今度は各社の追加容量プランを比較してみよう。SkyDriveは日本円、Google DriveやDropboxはアメリカドルであるため、執筆時の為替レートを元に日本円で換算。また、支払い額を年単位に変換している。数字だけ見るとSkyDriveの安さが目立ち、そこにGoogle Driveが追従する形となった。
HDD(ハードディスクドライブ)の実売価格でよく見かけるギガバイトあたりの価格と比較しても、バルクHDDのギガバイト単価をちょっと超える程度。電力やバックアップといった付加的コストを踏まえると、オンラインストレージが現実的なものになったことを実感させられる(図19)。

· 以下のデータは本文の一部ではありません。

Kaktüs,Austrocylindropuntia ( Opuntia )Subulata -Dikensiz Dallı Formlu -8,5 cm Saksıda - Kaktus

このようにオンラインストレージサービスは、OS、Webブラウザーに連なる"戦争"状態であることは間違いない。OSやWebブラウザーほどシェア(占有率)が重要にならず、単独では付加的価値しか持たないものの、アドバンテージを取ることで自社製品と連動による展開が見込めるだろう。それだけにオンラインストレージは、インターネットサービスにおける重要なファクターに位置しているのだ。ユーザーとしては利便性を踏まえつつ、最適なオンラインストレージサービスを選択して欲しい。